Rise and demise of Bretton Woods system - Michael Bordo

Um resumo de um paper importante, de um dos maiores especialistas no sistema de Bretton Woods.
Paulo Roberto de Almeida

The Operation and Demise of the Bretton Woods System; 1958 to 1971 
For your information, especially if you want to understand some important historical issues related to our international monetary system, here is a good paper by Michael Bordo (NBER Working Paper No. 23189), The Operation and Demise of the Bretton Woods System; 1958 to 1971.
National Bureau of Economic Research (NBER)
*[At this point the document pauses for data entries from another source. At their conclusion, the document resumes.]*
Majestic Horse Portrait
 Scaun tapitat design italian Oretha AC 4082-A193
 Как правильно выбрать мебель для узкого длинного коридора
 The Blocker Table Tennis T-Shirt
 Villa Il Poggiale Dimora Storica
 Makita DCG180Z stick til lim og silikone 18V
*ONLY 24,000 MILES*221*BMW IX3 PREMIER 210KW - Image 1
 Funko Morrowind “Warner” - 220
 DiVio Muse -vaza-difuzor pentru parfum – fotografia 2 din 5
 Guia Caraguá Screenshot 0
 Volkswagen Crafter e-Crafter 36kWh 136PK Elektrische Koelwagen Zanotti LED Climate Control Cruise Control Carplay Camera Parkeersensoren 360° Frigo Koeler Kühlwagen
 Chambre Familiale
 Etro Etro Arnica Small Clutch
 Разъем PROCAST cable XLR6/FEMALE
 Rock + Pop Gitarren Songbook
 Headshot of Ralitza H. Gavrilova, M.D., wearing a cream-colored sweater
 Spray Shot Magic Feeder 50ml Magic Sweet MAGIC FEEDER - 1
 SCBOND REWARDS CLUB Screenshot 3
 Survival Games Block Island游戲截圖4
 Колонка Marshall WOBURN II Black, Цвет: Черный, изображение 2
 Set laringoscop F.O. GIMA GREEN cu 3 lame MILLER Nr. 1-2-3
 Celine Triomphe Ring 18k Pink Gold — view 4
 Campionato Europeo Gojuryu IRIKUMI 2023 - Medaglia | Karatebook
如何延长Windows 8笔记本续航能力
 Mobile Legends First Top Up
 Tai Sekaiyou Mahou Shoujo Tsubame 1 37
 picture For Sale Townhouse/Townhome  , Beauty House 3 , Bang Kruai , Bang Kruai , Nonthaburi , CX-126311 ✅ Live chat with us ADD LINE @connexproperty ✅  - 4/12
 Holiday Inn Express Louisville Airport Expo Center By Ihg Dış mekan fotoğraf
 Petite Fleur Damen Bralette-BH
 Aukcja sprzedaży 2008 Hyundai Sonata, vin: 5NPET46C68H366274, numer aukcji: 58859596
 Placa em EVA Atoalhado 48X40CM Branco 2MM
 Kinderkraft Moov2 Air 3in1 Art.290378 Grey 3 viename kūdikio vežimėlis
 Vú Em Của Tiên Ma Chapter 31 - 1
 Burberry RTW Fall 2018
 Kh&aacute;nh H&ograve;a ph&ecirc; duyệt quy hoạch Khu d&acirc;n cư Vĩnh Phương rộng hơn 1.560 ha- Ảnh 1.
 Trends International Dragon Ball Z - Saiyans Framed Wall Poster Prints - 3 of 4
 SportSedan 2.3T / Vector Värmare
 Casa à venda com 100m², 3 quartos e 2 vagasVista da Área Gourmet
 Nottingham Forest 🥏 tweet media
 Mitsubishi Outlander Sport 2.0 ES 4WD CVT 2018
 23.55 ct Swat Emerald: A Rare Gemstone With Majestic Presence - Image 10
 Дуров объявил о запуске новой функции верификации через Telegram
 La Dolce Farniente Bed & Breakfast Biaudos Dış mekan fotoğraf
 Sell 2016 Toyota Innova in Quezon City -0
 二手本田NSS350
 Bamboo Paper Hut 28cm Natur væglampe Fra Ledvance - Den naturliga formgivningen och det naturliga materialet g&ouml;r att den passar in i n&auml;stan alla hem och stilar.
http://www.nber.org/papers/w23189?utm_campaign=ntw&utm_medium=email&utm_source=ntw
 
This chapter revisits the history of the origins, operation and demise of the Bretton Woods International Monetary System. The Bretton Woods system was created by the !944 Articles of Agreement to design a new international monetary order for the post war at a global conference organized by the US Treasury at the Mount Washington Hotel in Bretton Woods ,New Hampshire at the height of World War II. The Articles represented a compromise between the American plan of Harry Dexter White and the British plan of John Maynard Keynes. The compromise created an adjustable peg system based on the US dollar convertible into gold at $35 per ounce along with capital controls. It was designed to combine the advantages of fixed exchange rates of the pre World War I gold standard with some flexibility to handle large real shocks. The compromise gave members both exchange rate stability and the independence for their monetary authorities to maintain full employment.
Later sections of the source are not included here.